Many psychiatric conditions have also been studied using functional connectivity approaches, including autism spectrum disease, PTSD, ADHD, bipolar disorder, and others.7 However, the heterogeneity of these disorders has made them difficult to study.
In MDD, there appear to be changes in connectivity within nodes of the anterior and posterior sub-networks of the DMN and altered connectivity between these areas and the SN as well as the CEN. The anterior sub-network of the DMN is believed to be involved in emotional and self-referential processing while the posterior sub-network of the DMN is more involved in memory and consciousness. Findings suggest that alterations in functional connectivity associated with MDD “. . . reflect a state of increased interaction between self-referential and emotional networks, and the dominance of negative self-referential over cognitive processing which corresponds to the clinical symptoms of depression.”13
Some of the potential applications for functional connectivity in clinical situations include as an aid in diagnosing, measuring disease severity, providing prognostic information, or monitoring disease progress and treatment effectiveness. For psychiatry, functional connectivity studies may help to differentiate subtypes within heterogeneous populations for disorders such as depression or schizophrenia.

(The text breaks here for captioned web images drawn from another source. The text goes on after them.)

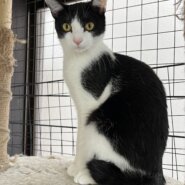 1歳　白黒ハチワレ　男の子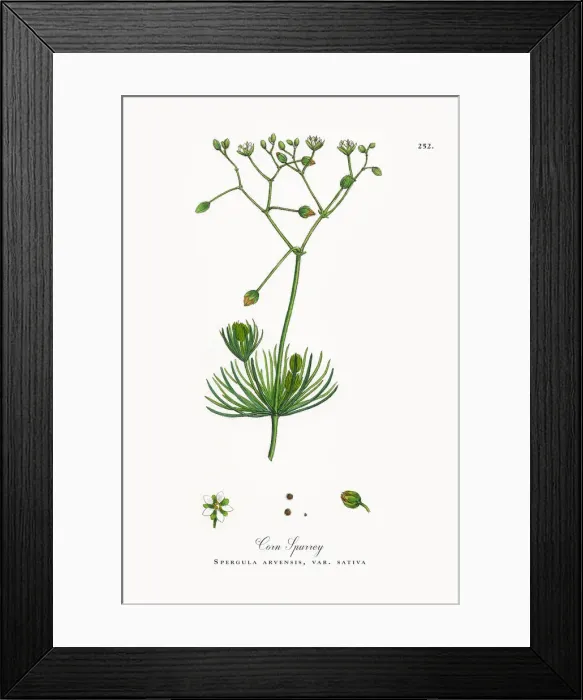Framed Print : Corn Spurrey, Spergula arvensis, Victorian Botanical Illustration, 1863 Framed Print : Corn Spurrey, Spergula arvensis, Victorian Botanical Illustration, 1863
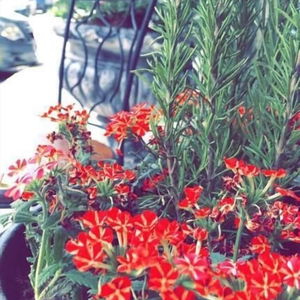 Sejur Arabesque Hotel vacanta Amman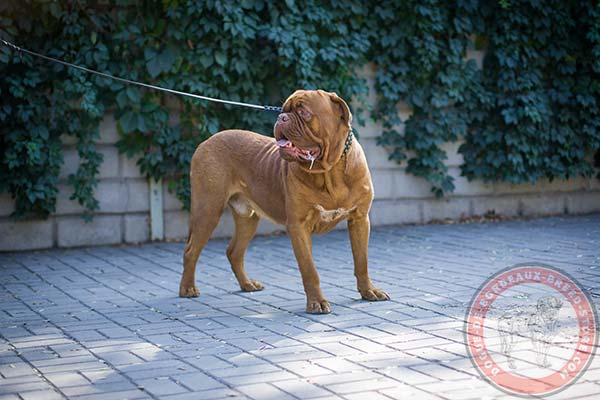 Dogue de Bordeaux black leather collar adjustable  with studs for better comfort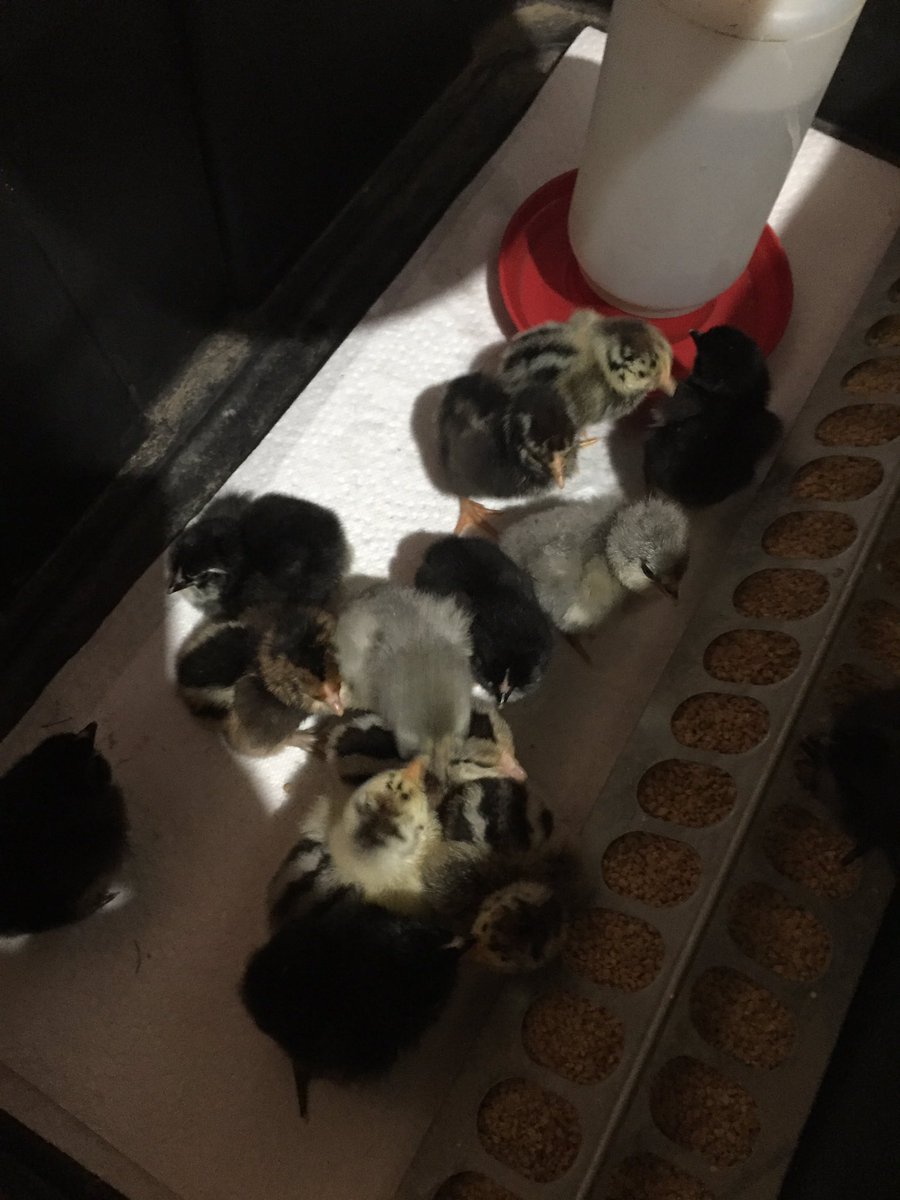 bestbugydrivher's tweet photo. Not bad for my first time 14 out of 24 hatched. #hatch19 https://t.co/GrYjDF1mCI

Some neuropsychiatric “mysteries” are being solved through functional connectivity studies. For example, how do single lesions (as from a stroke) in different parts of the brain produce similar, complex neuropsychiatric syndromes in different individuals? Darby and colleagues14 were interested in this question as applied to the emergence of delusional misidentification syndromes after single lesions. Capgras syndrome is perhaps the best known of the delusional misidentification syndromes, exemplified by: “You look like my wife, but I know you are not my real wife; you are an imposter; my real wife is somewhere else.”
Darby found that the disparate lesions that had led to delusional misidentification were functionally connected to brain regions involved in familiarity assessment and in belief evaluation. This finding supports earlier theories about what goes wrong in delusional misidentification: first, the patient recognizes the individual or place but fails to experience that person or place as familiar; and second, there is a failure in “belief evaluation,” namely a failure to realize that it defies logic to believe that this is anything but the real person or place.

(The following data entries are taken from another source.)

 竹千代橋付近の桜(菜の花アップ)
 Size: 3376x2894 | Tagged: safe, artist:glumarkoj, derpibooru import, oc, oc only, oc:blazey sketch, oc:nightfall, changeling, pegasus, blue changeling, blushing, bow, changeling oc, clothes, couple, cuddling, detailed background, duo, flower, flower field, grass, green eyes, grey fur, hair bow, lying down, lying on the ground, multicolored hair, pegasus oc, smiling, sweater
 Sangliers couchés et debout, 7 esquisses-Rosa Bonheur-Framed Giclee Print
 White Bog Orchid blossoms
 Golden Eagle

Extremely promising work by Emily S. Finn has shown that functional connectivity profiles are specific enough to distinguish individuals, including across different sessions in the scanner and across task and resting states.12 This identification of individuals is referred to as functional connectome fingerprinting. The ability to capture an individual’s uniqueness from data in the scanner is a truly remarkable achievement.

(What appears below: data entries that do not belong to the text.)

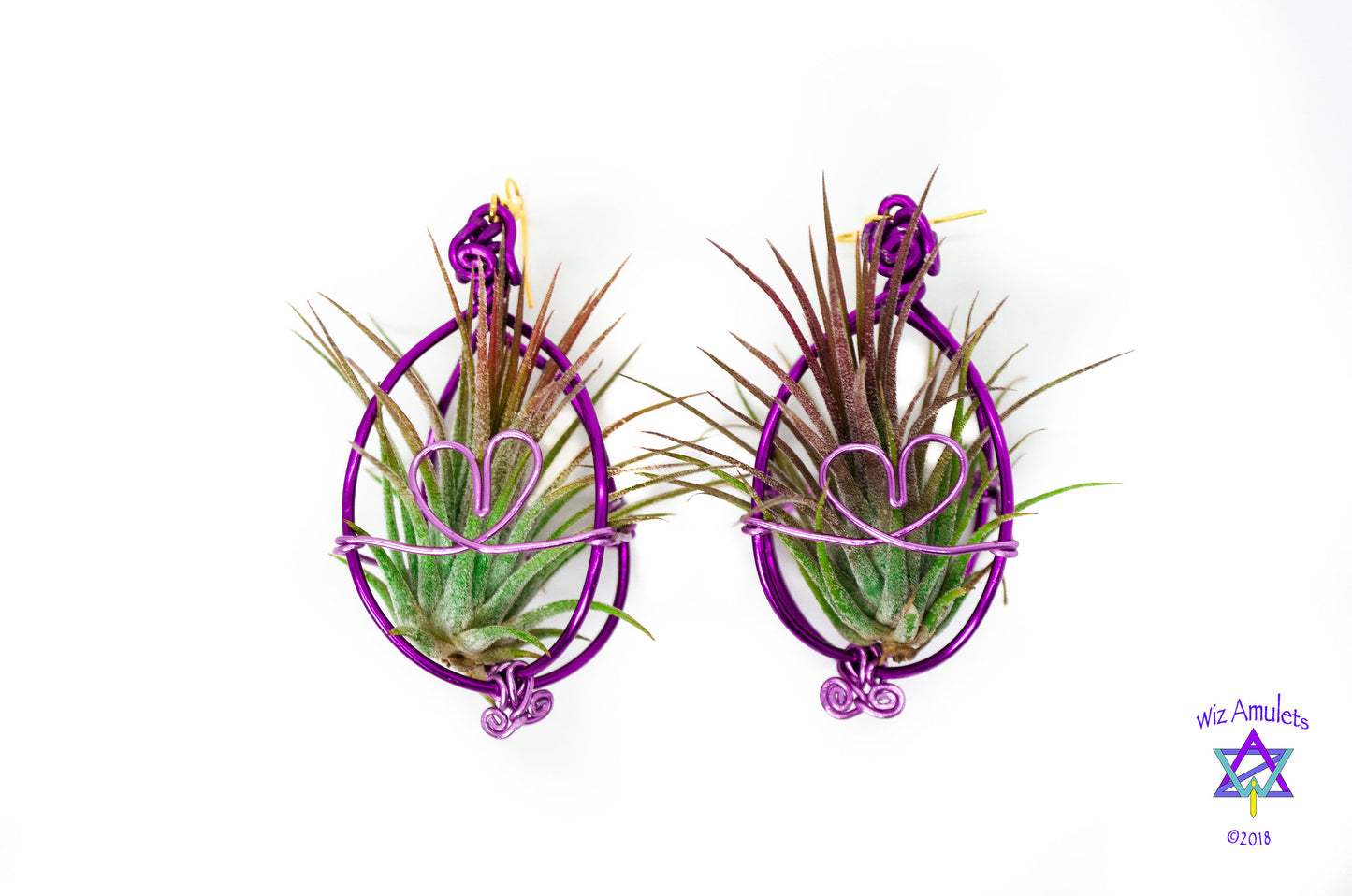Heart Infinity Air Plant Orb Earrings ~ Heart and Infinity Wire Designs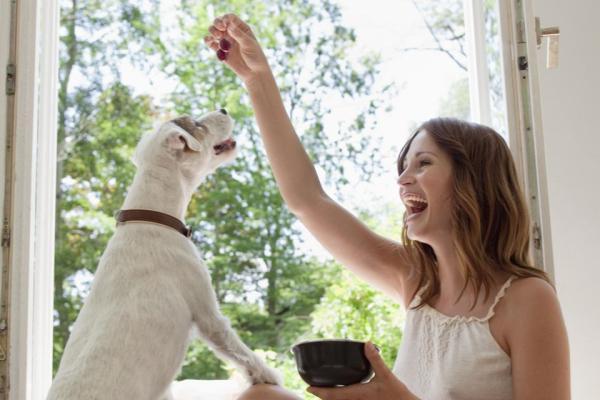 5 حقه ساده و بامزه به سگ تان یاد بدهید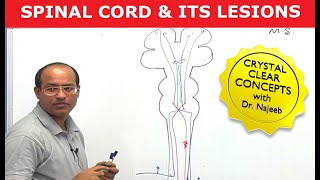 Spinal Cord Injury and its Lesions  Neuroanatomy [upl. by Syverson256]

We have come a long way. It took centuries for the scientific world to understand the fundamentals of brain anatomy and neuro-cellular architecture. Even as progress was being made in mapping the brain’s neural circuitry, the goal of truly probing the complexity of human behavior felt like a distant star we would likely never reach. Yet, in the mere 25 years since MRI was first introduced into medicine, we have made astounding progress in probing the brain’s complexity. As psychiatrists, we feel a pressing need for new light to be shed on what goes wrong in mental disease. Powerful new scientific paradigms, advancing technology, and cross-discipline collaborations give us reason to be hopeful.